Courts rule McKeesport teacher fired without cause in school sex incident
Two state courts ruled that former McKeesport Area teacher Angela DiBattista was fired without cause for admitting she had sex with a fellow teacher inside a classroom.
“The petition for allowance of appeal is denied,” state Supreme Court ruled on March 13 when McKeesport Area School District sought to reverse a 15-page decision from Commonwealth Court.
Commonwealth Court said testimony from the district and DiBattista's witnesses at a 2010 disciplinary hearing supported the conclusion that DiBattista was promised immunity for admitting her actions with Patrick Collins, a fellow teacher and a former McKeesport Area Education Association president.
As Judge Renee Cohn Jubelirer wrote for the appeals court, “The parties mutually intended that if (DiBattista) agreed to testify she would have no concern or fear that any district action would be brought against her as a result of such cooperation.”
On June 20, 2013, judges Jubelirer, Dan Pellegrini and Mary Hannah Leavitt heard arguments by school district special counsel Carl Beard of Altoona and DiBattista attorney Philip A. Fabiano.
Neither state court answered the question about whether McKeesport Area must rehire her. District officials did not return repeated calls seeking comment.

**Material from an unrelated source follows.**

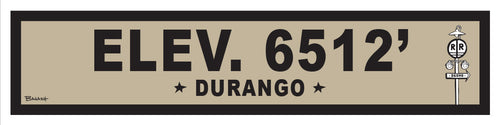DURANGO ~ ELEV 6512 ~ OLD WEST ~ D&SNG RR ~ 6x24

DiBattista could not be reached for comment but reportedly has worked outside of teaching since her termination.
“She wants to teach,” said Fabiano, DiBattista's third attorney. She previously was represented by her brother John M. Zoscak and Jefferson Hills attorney Charles LoPresti.
LoPresti defended DiBattista before the school board and its chosen hearing officer, attorney Thomas M. Costello.
LoPresti said district Solicitors Jack Cambest, Gary Matta and Jacob Skezas offered DiBattista immunity until she allegedly admitted to an affair that may have gone on from 1999 to 2004, as indicated in testimony at her hearing.
LoPresti said his client was treated as a scapegoat. Beard said she “violated community standards and failed to provide a good example for her students.”
Beard tried to end the hearing on its first day, May 24, 2010, by grilling DiBattista.
“Upon the advice of my counsel (LoPresti) I refuse to answer the question,” she said once, then followed 30 times with the answer “same.”
Among Beard's questions: “Isn't it true that you made up allegations in order to get other people in trouble when you knew it was untrue?”
Zoscak, a tax attorney, stepped in to help his sister prepare for Collins' March 2005 hearing before the board.
Zoscak later testified that initially he was treated almost as a fourth solicitor by Matta, Cambest and Skezas.
The 2005 hearing was based on an alleged June 2004 confrontation at old Cornell Intermediate School between Collins and DiBattista where she suffered an eye injury.
Collins allegedly threatened to tell his wife and DiBattista's now-deceased husband of their affair if DiBattista ended it.
On June 21, 2010, Zoscak testified that he asked his sister, “Did Pat Collins hit you?”
“Yes, he hit me,” Zoscak quoted his sister as replying.
Matta and Cambest said her testimony changed over the weeks before Collins' hearing.
The solicitors testified that they expected her to say Collins hit her when she told them she had been in a sexual relationship with Collins.
On June 1, 2010, Collins testified that he was going to tell his wife about the affair, but never threatened to tell DiBattista's husband, a district custodian who died in December 2006.
In January 2006 DiBattista was suspended from her teaching job at Cornell.
Her hearing was scheduled for June 2006 but it was pushed back by her health problems and scheduling delays.
In November 2006 Collins agreed to retire and accept a $53,000 settlement that included vacation time, sick days and insurance premium costs.
The district and its special counsel maintained that DiBattista was offered the same deal to retire.
However, Beard said in 2010, “It is not the district's fault that (Collins) had 33 years (tenure) and (DiBattista) 12.”
In February 2011 the school board fired her.
“The issue is now behind the district,” Matta said. “We're not concerned about anything else regarding this matter.”
“I don't know what planet he's on,” LoPresti said. “It is far, far, far from over.”
First there was an appeal to then-state education secretary Ronald Tomalis, who upheld the firing in July 2012.
“(The) secretary concluded that there was no enforceable immunity agreement, reasoning that since (Collins') arbitration involved the alleged June 2004 injury to (DiBattista's) eye, not immorality,” Jubelirer wrote.
Pennsylvania Department of Education spokesman Tim Eller declined comment. Tomalis headed that department through May 2013.